DATE_TYPES(NEXT_DAY_SAFE_NULL_IF_NULL, next_day, {})

But next_day was not included in any of the static tables in timestamp_ir.cc (kExtracts, kTruncs, kDiffs, kCastsFromTs, kDateArithEntries, kFixedAdds, kCalendarAdds). As a result, no next_day_from_timestamp_us / _ns IR wrappers were generated.

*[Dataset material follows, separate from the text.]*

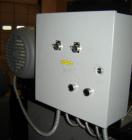 Unused-UNUSED: 100 cfm at 150 psi Atlas Copco high efficiency duplex aircompressor; two compressor/motor units mounted on common air receivertank. Air receiver tested to 250 psi at 450 deg F. 15 hp, ...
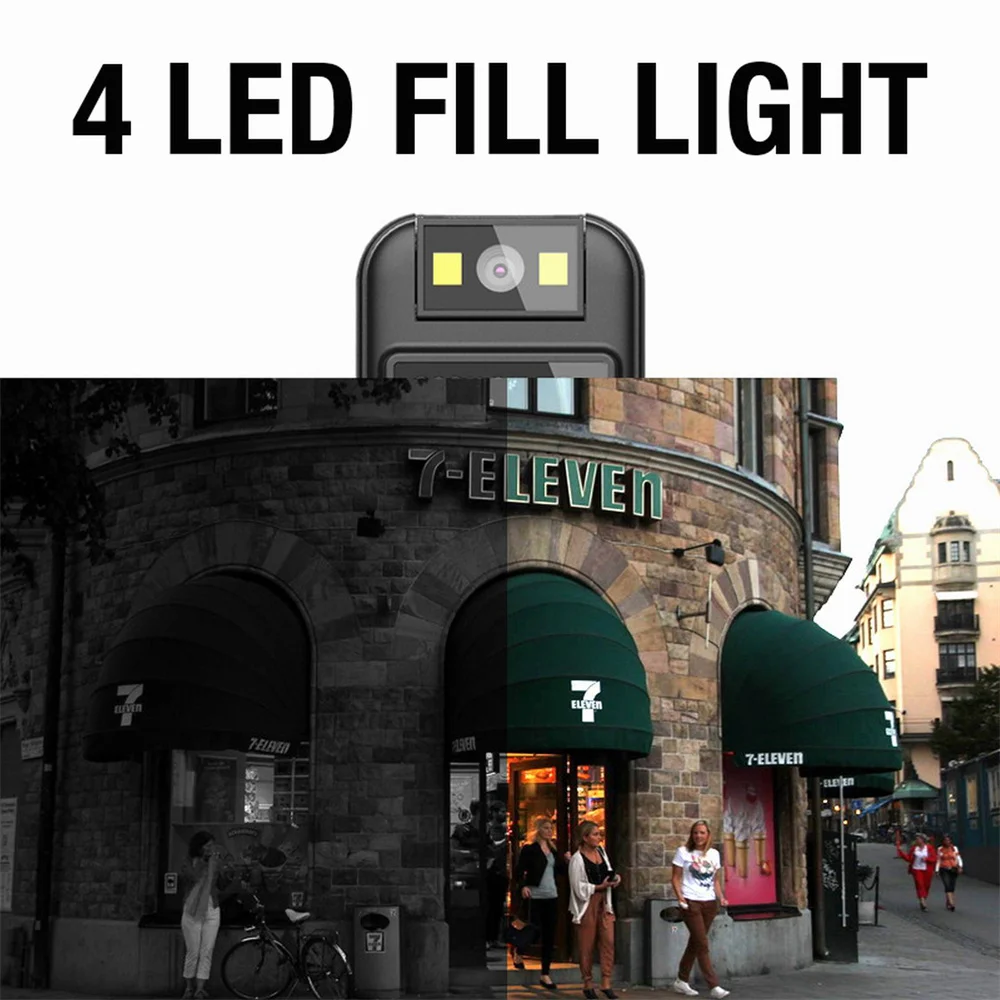 High Definition 1080P Night Vision Mini Dv Camera, Conference Video Pen Mini Digital Camera, Outdoor Sports Camera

With the DataTypeEquals relaxation from #134, the validation step matches timestamp[us] against the registered timestamp[ms] signature. BuildFunctionCall then tries to remap next_day_from_timestampnext_day_from_timestamp_us, fails to find it in IsTimestampIRFunction, and silently falls through to calling the precompiled millis function with raw microsecond values — yielding dates far in the future.

Fix

Adds a BuildNextDayWrapper that follows the cast-from-timestamp pattern:

next_day_from_timestamp_us(ctx, ts_us, day_str, day_len) -> date64 {
  millis = FloorDiv(ts_us, 1000)
  return next_day_from_timestamp(ctx, millis, day_str, day_len)
}

No remainder recombination is needed because next_day returns date64 (midnight of the next weekday), so sub-millisecond input precision is not meaningful in the result.

Files changed

  • cpp/src/gandiva/timestamp_ir.h — declare BuildNextDayWrapper
  • cpp/src/gandiva/timestamp_ir.cc
    • Register next_day_from_timestamp{_us,_ns} in BuildAllFunctionNames
    • Implement BuildNextDayWrapper (modeled after BuildCastFromTimestampWrapper with extra context/string/length args)
    • Call it from AddFunctions for each non-ms unit

Build artifacts

Native library built and published with this fix:

Testing

Verified end-to-end on a local Dremio instance reading Parquet timestamp data.

Test query:

SELECT NEXT_DAY(ts_us, 'MO') FROM tst.dremio_ts_test;

where ts_us is a timestamp[us] column containing 2021-06-15 14:30:45.123456 (a Tuesday).

Before fix (arrow-gandiva 18.3.0-...-28932a0-dremio):

+53425-02-28

(microseconds interpreted as milliseconds → date ~51,000 years in the future)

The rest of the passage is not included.